**How to complete this task**:
The answer must be only the lines below from the one holding "Handige tips van Zabbix: gebruikersrechten" down to the one holding "Vitamino Color Spray", ends included, printed exactly; please omit all pictures.

**Records provided**:
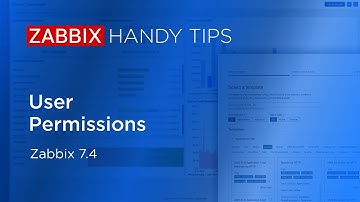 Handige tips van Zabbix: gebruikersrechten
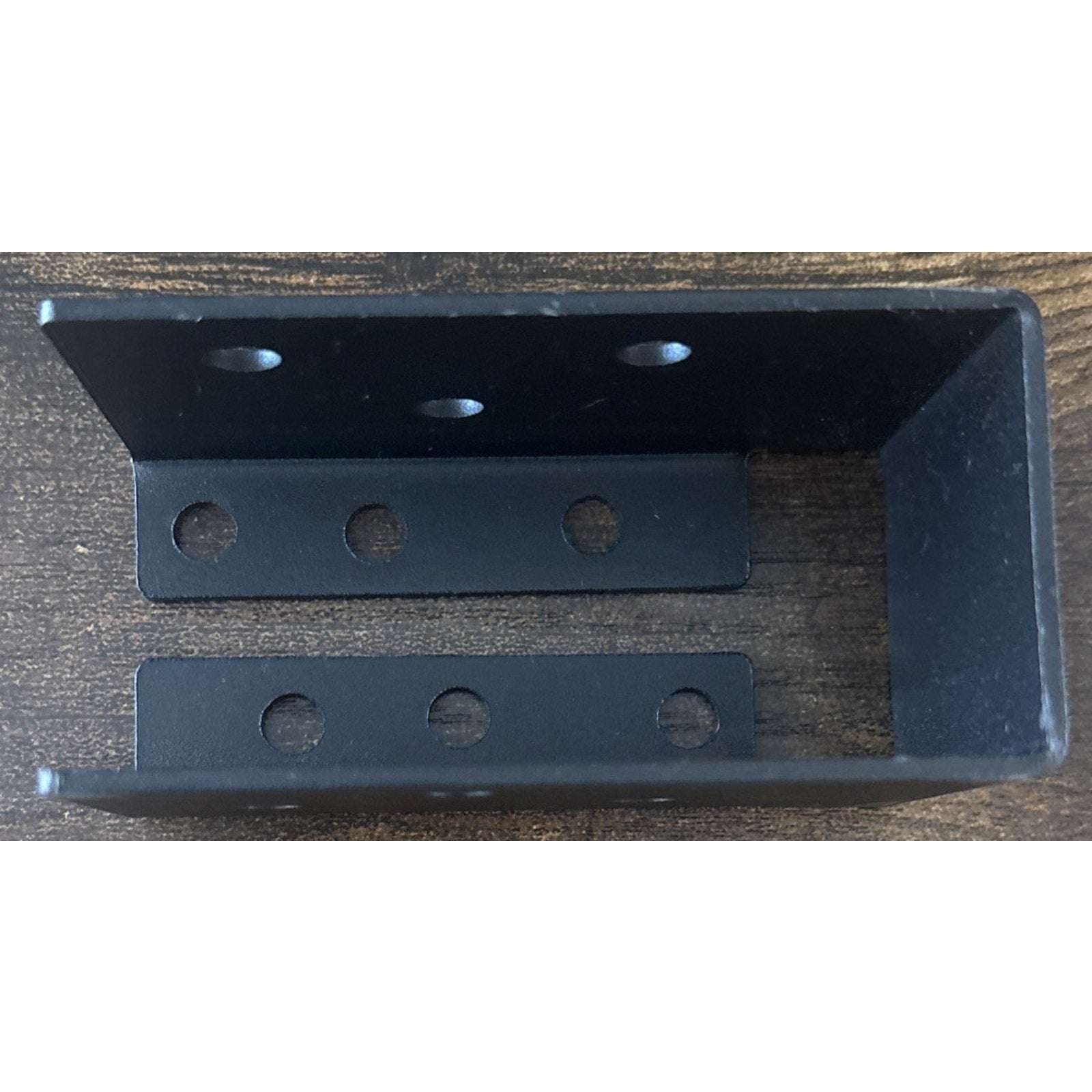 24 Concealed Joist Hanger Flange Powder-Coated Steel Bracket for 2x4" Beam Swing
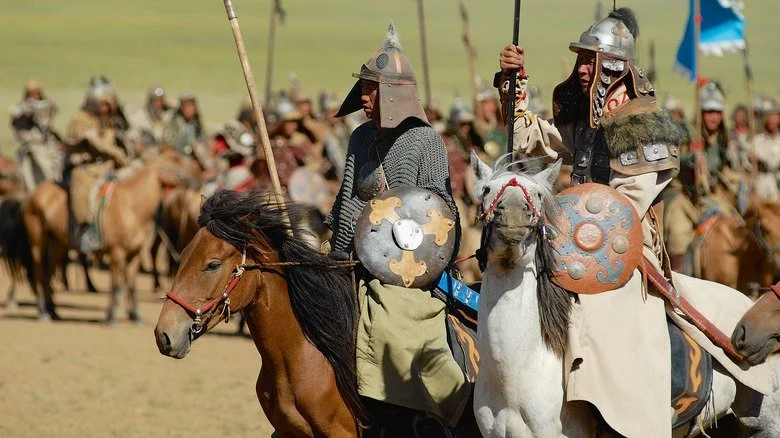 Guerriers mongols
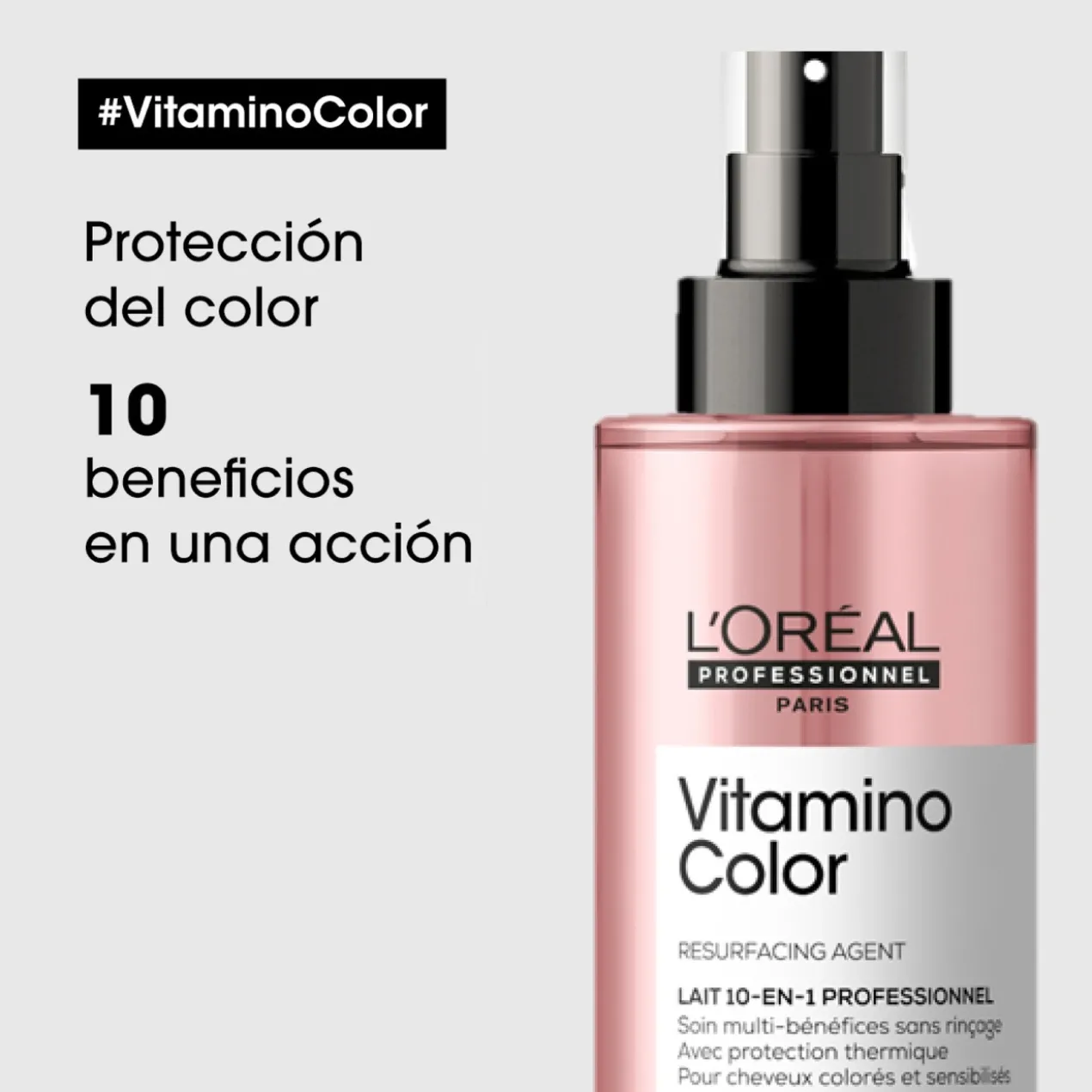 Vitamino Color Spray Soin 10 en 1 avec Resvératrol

...

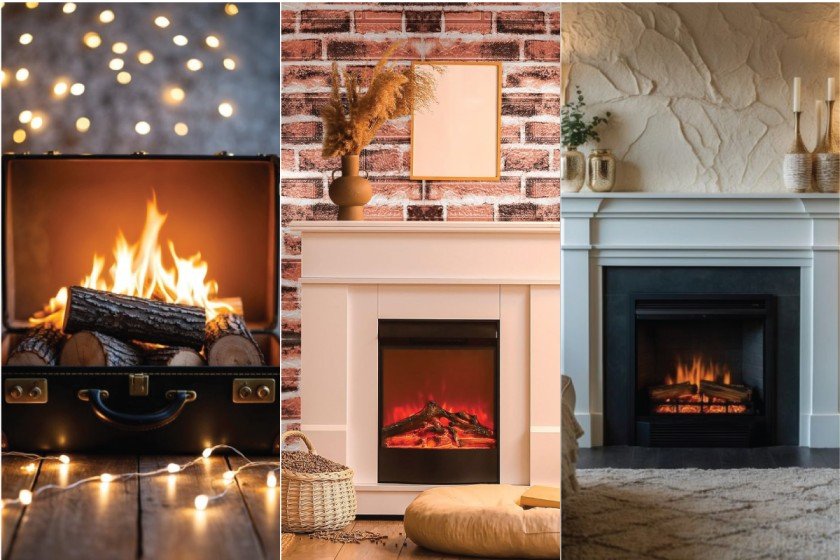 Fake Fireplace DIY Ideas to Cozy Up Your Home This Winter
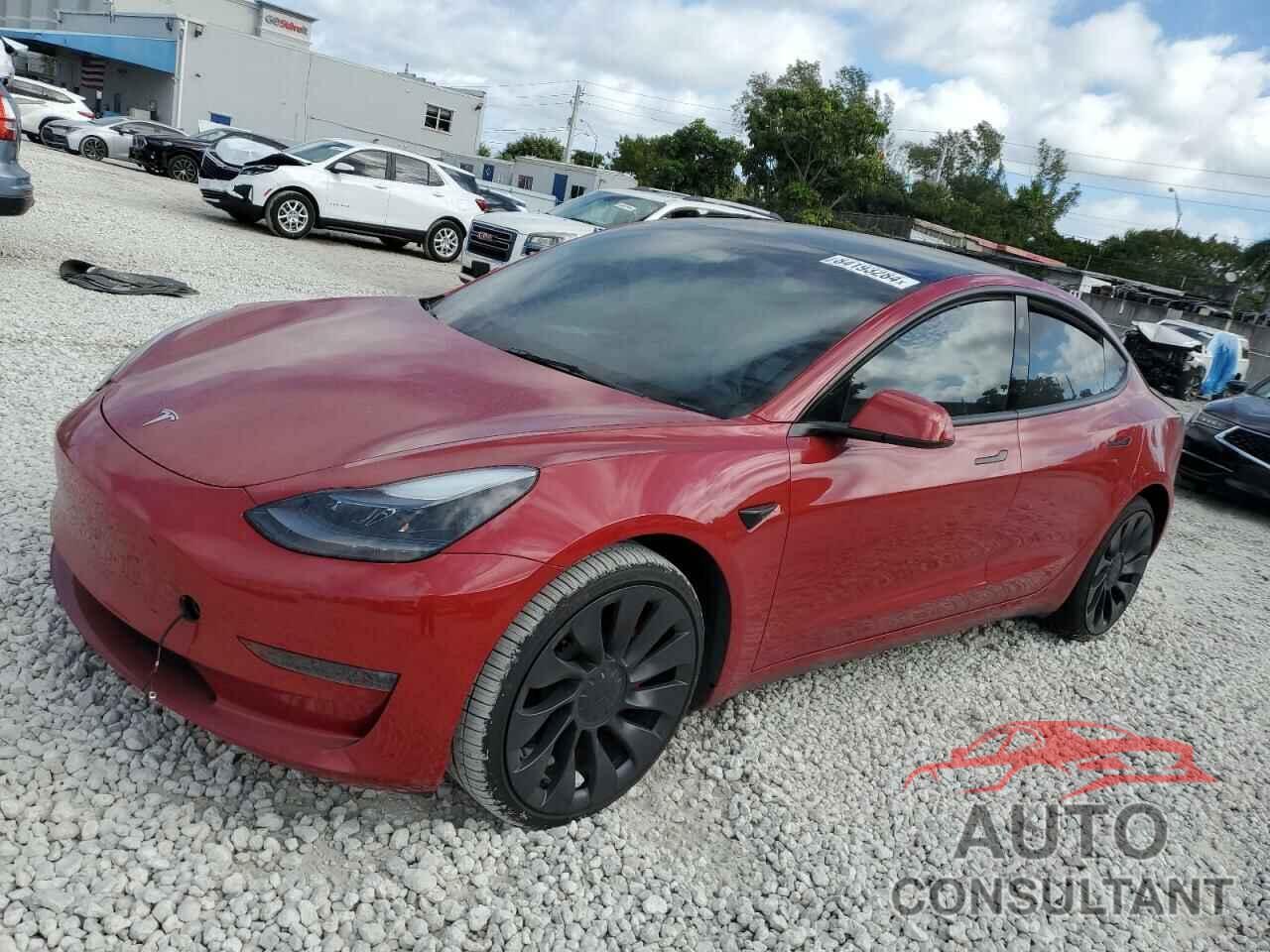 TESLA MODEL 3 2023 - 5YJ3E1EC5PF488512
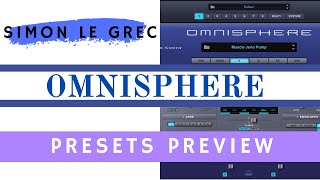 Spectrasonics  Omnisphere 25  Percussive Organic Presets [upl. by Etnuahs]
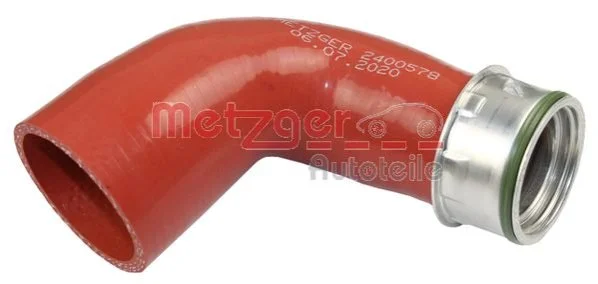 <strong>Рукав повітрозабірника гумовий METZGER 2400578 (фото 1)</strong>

--

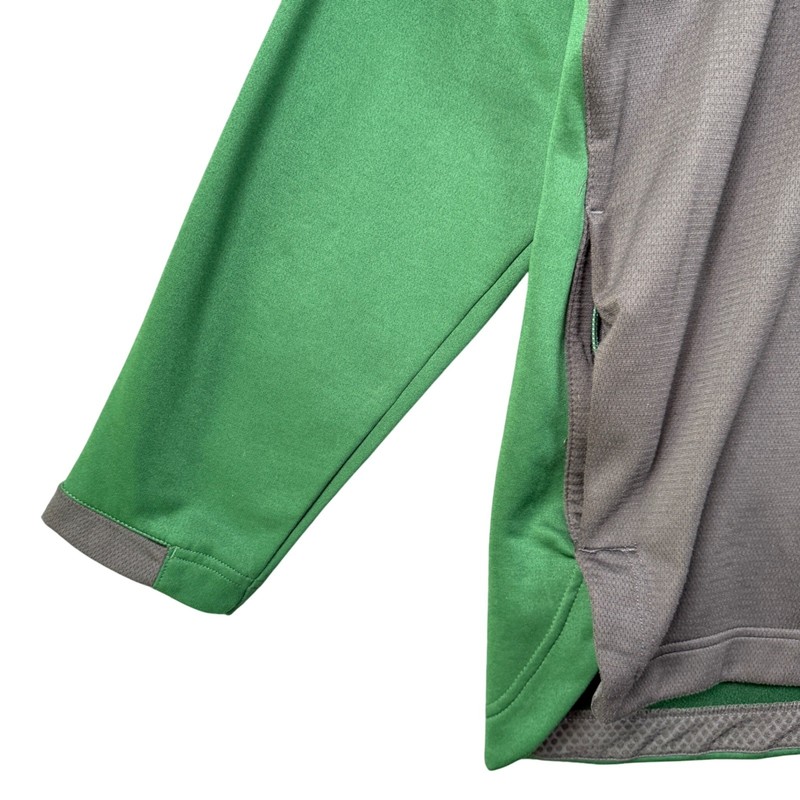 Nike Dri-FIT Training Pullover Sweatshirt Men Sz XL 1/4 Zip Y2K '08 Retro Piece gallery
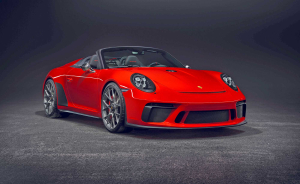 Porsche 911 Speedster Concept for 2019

**Response box**:
 Handige tips van Zabbix: gebruikersrechten
 24 Concealed Joist Hanger Flange Powder-Coated Steel Bracket for 2x4" Beam Swing
 Guerriers mongols
 Vitamino Color Spray Soin 10 en 1 avec Resvératrol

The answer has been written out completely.